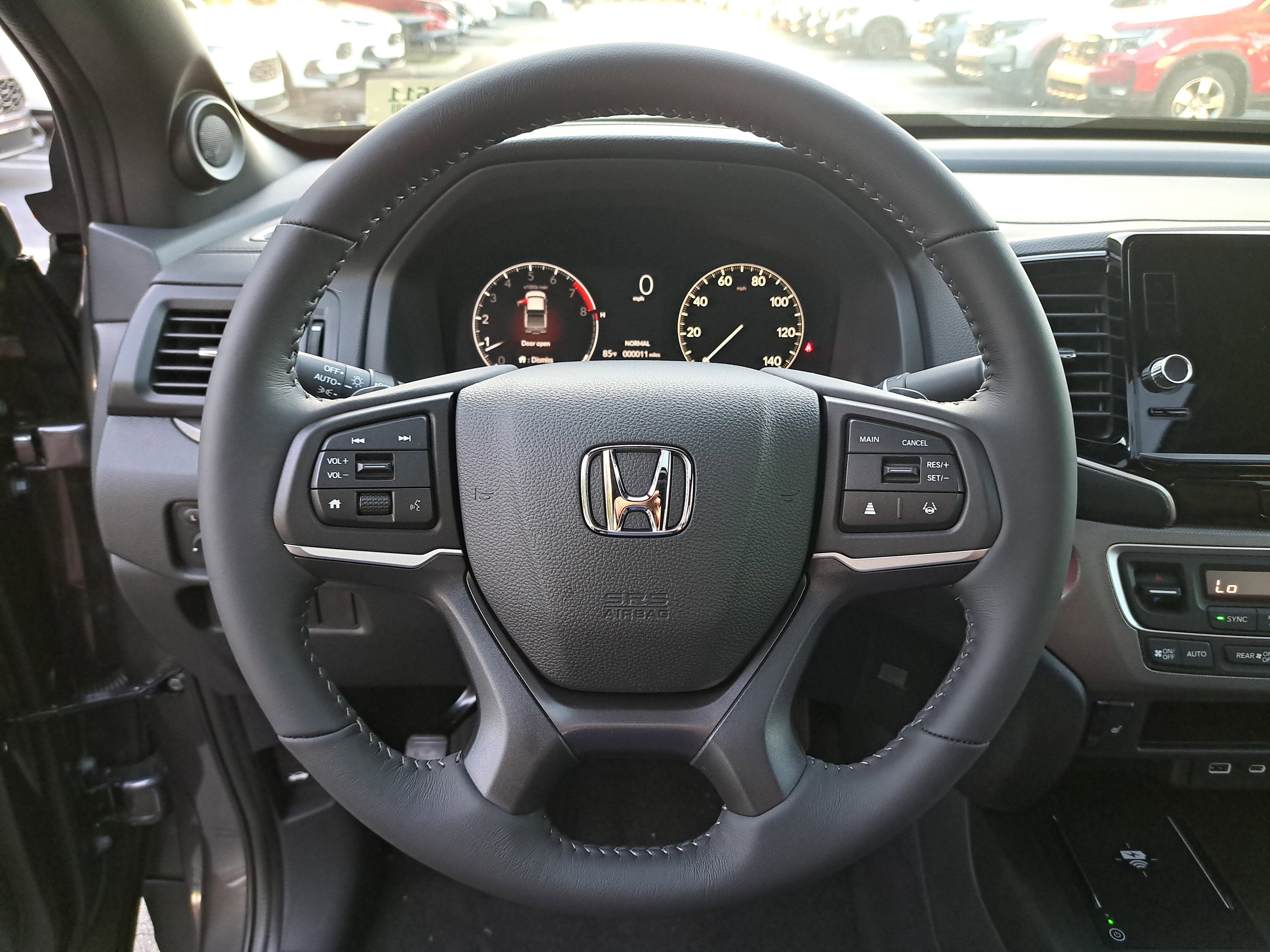 New 2026 Modern Steel Metallic Honda RTL image 25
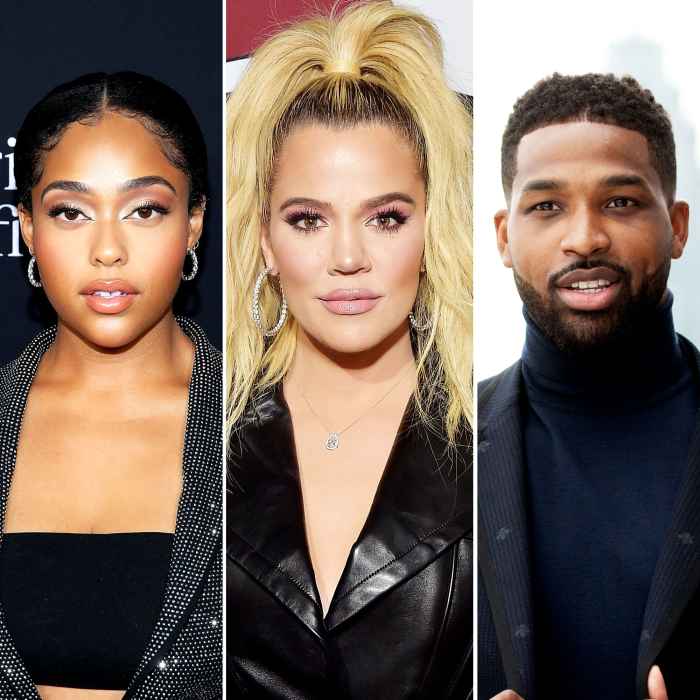 Jordyn Woods ‘Broke Down’ When Khloe Kardashian Confronted Her About Hooking Up With Tristan Thompson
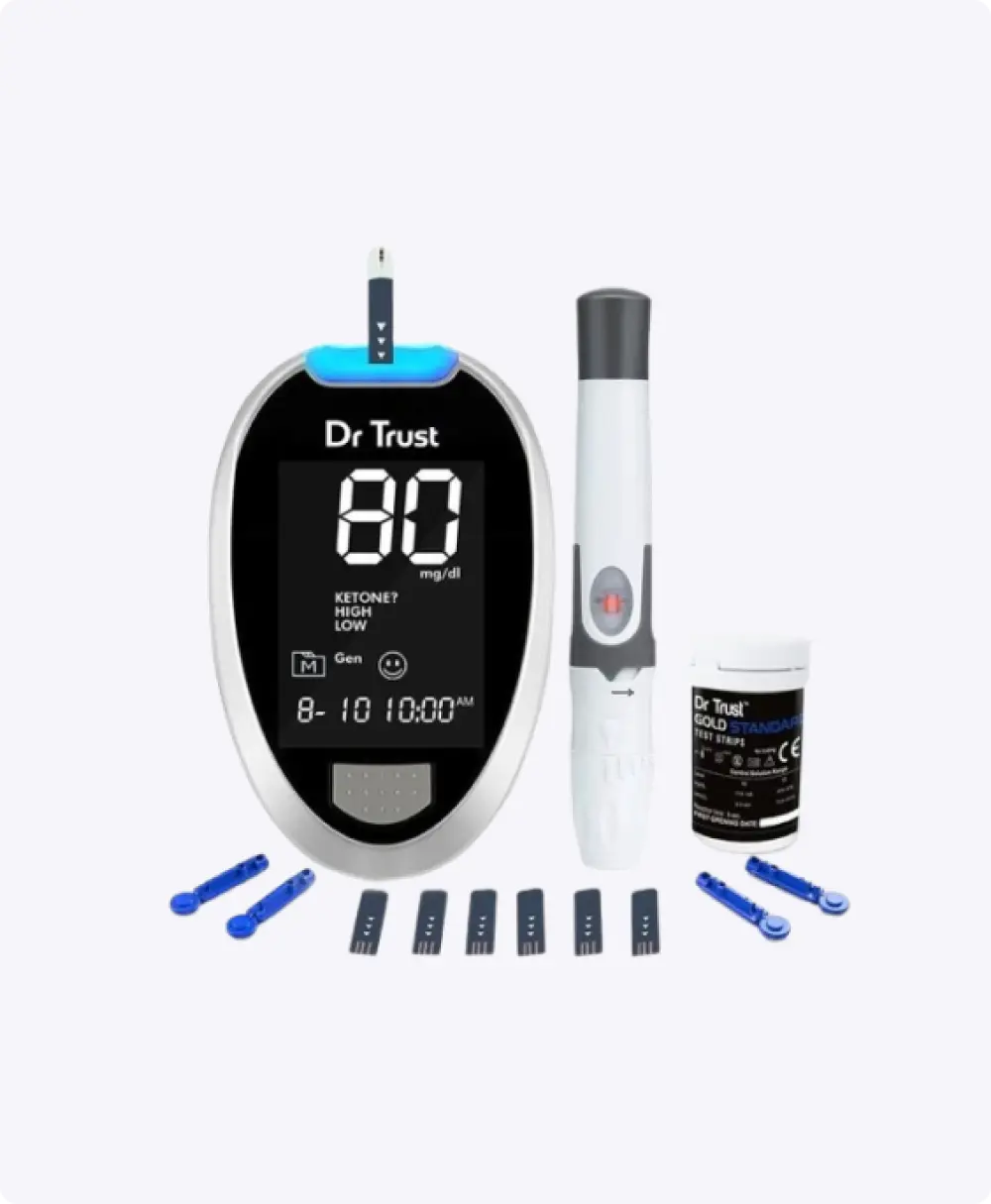 Glucometer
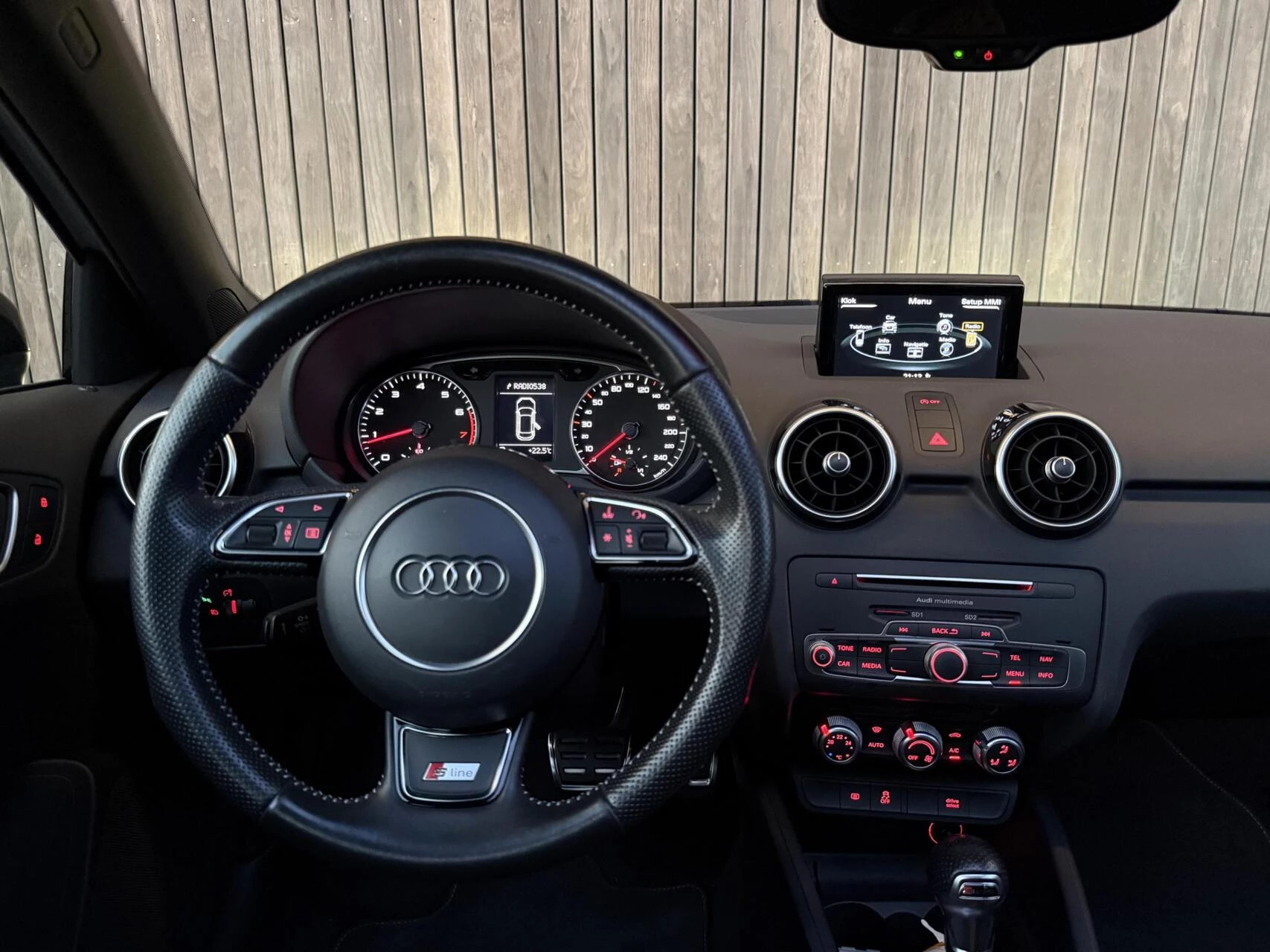 Hoofdafbeelding Audi A1 Sportback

_Task prompt_
Return the whole of the material above exactly, with no picture carried over.

_Answer for the task_
 New 2026 Modern Steel Metallic Honda RTL image 25
 Jordyn Woods ‘Broke Down’ When Khloe Kardashian Confronted Her About Hooking Up With Tristan Thompson
 Glucometer
 Hoofdafbeelding Audi A1 Sportback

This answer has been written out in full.